- [Your goal]
I need the lines from the one holding "tert-butyl 5-oxo-octahydro-1H-isoindole-2-carboxylate" to the last line of the data below repeated exactly, both included, without pictures.
───
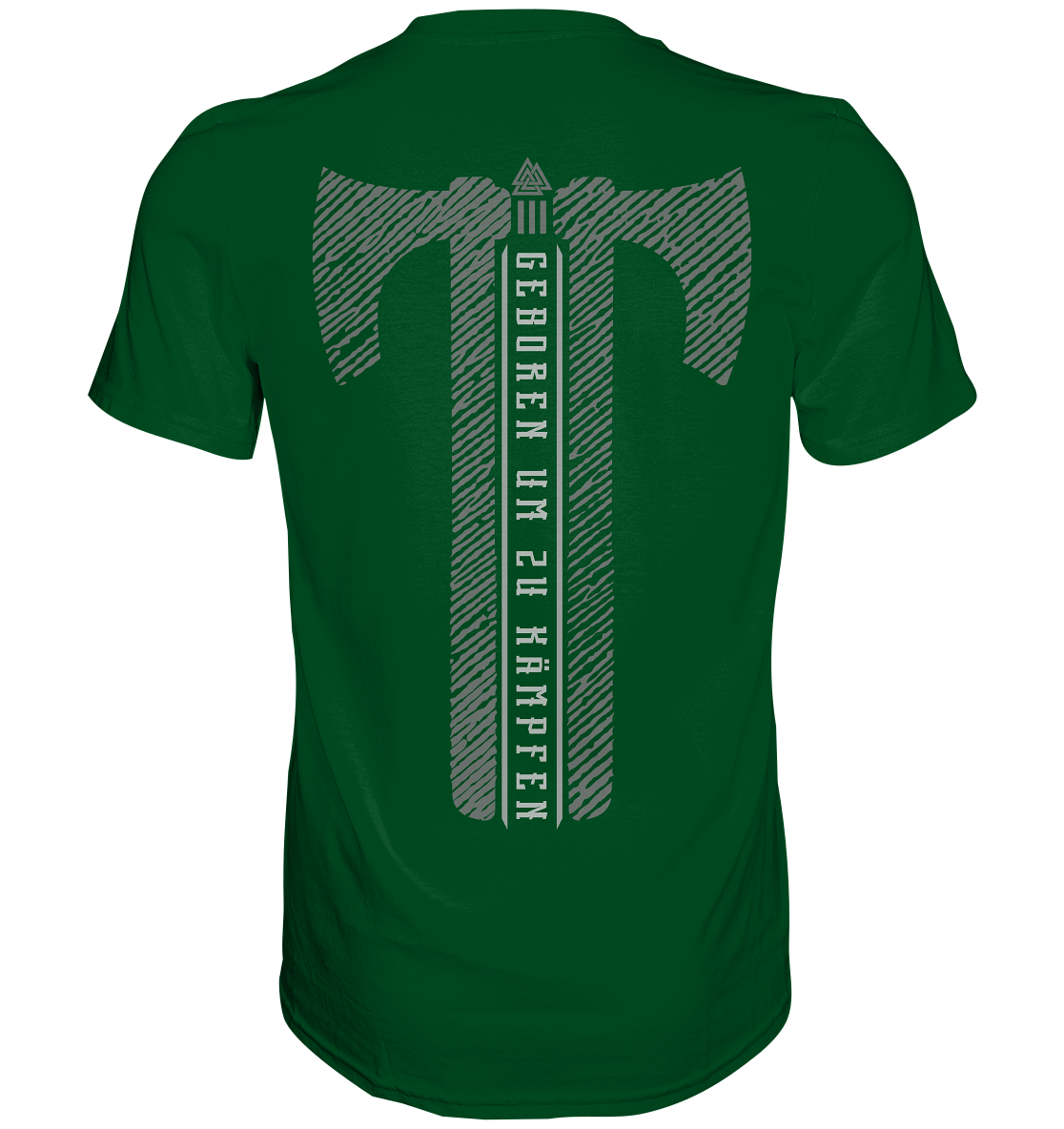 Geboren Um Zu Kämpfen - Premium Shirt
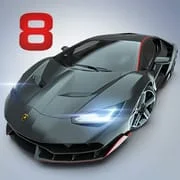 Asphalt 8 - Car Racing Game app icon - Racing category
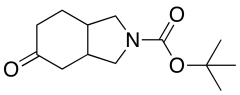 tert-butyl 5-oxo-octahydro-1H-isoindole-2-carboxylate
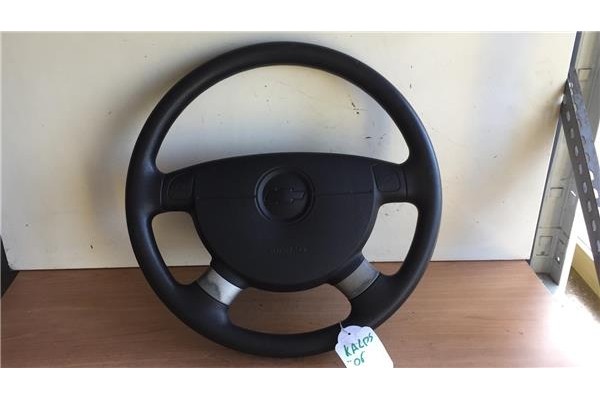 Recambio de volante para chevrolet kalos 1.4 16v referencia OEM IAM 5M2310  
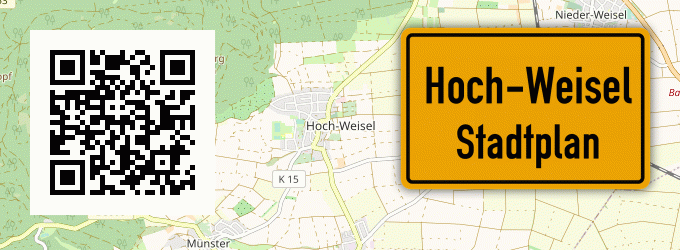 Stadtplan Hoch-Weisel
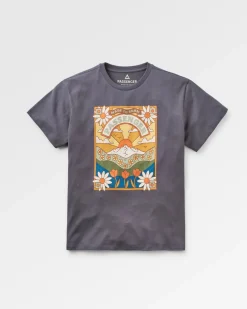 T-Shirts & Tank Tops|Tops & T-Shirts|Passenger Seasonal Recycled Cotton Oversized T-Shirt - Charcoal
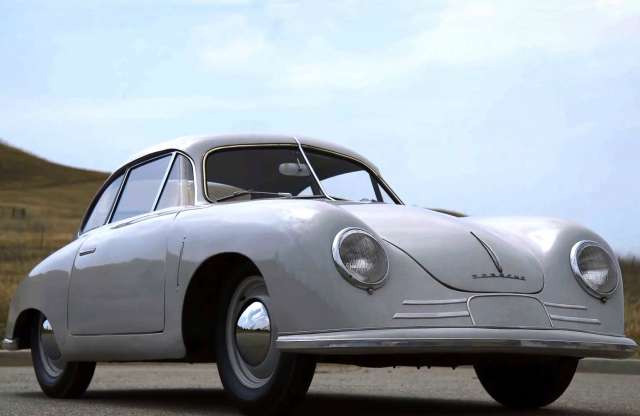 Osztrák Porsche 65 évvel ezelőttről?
───
- [Solution for this task]
 tert-butyl 5-oxo-octahydro-1H-isoindole-2-carboxylate
 Recambio de volante para chevrolet kalos 1.4 16v referencia OEM IAM 5M2310  
 Stadtplan Hoch-Weisel
 T-Shirts & Tank Tops|Tops & T-Shirts|Passenger Seasonal Recycled Cotton Oversized T-Shirt - Charcoal
 Osztrák Porsche 65 évvel ezelőttről?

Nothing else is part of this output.